▶ Exercise directions
Make an exact copy, from the records below, of the lines from the line containing "Brief von Heinrich" to the line containing "Wander Often, Wonder", both lines included, excluding pictures.

======== Dataset records

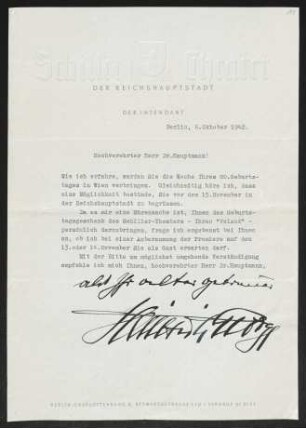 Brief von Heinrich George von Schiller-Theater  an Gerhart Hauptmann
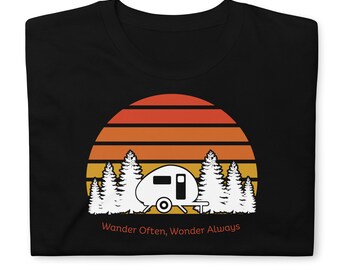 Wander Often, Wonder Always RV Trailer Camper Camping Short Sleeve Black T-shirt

================
======== Dataset records

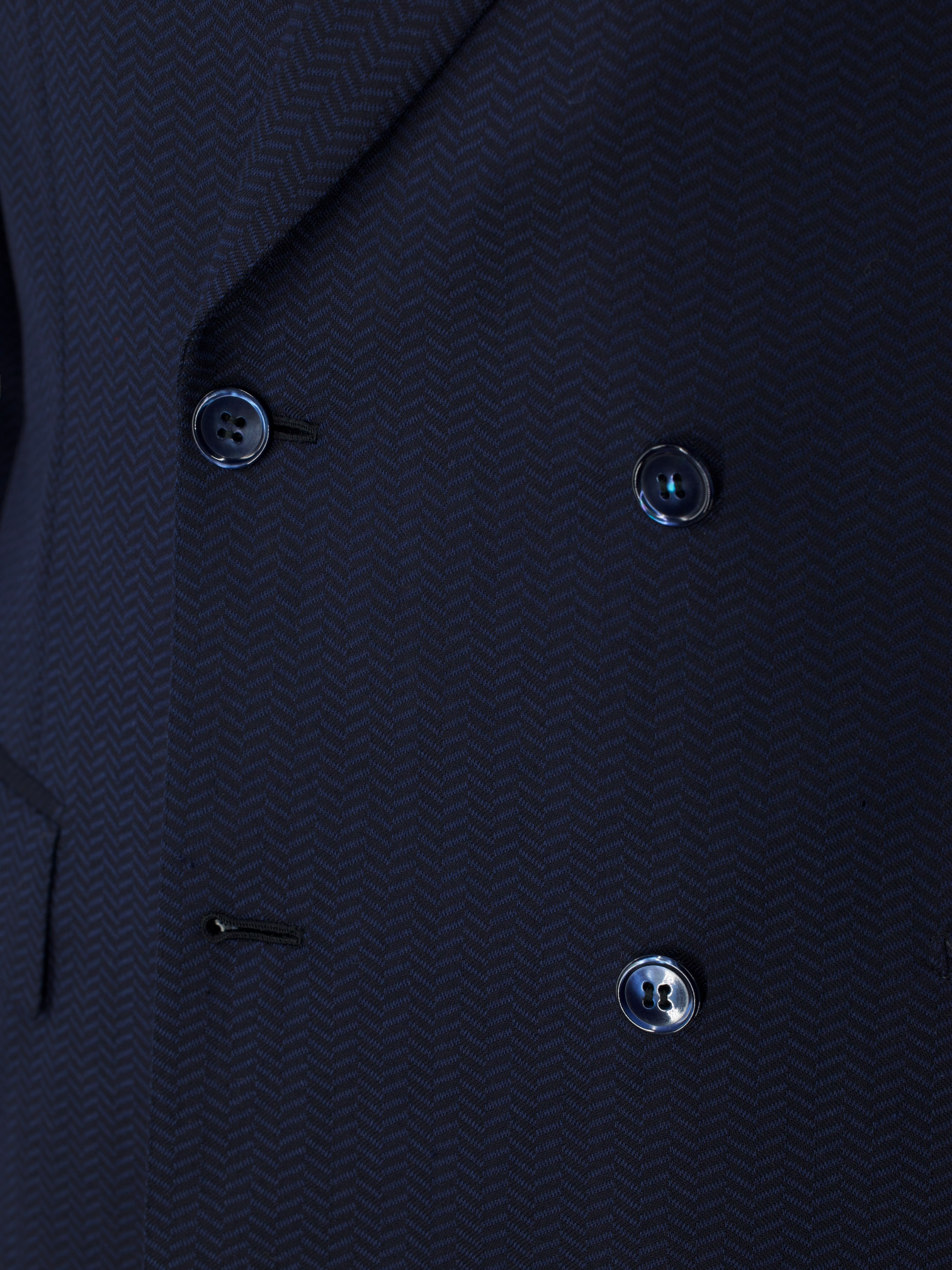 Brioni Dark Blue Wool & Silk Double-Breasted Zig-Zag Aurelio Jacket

================

▶ Answer below
 Brief von Heinrich George von Schiller-Theater  an Gerhart Hauptmann
 Wander Often, Wonder Always RV Trailer Camper Camping Short Sleeve Black T-shirt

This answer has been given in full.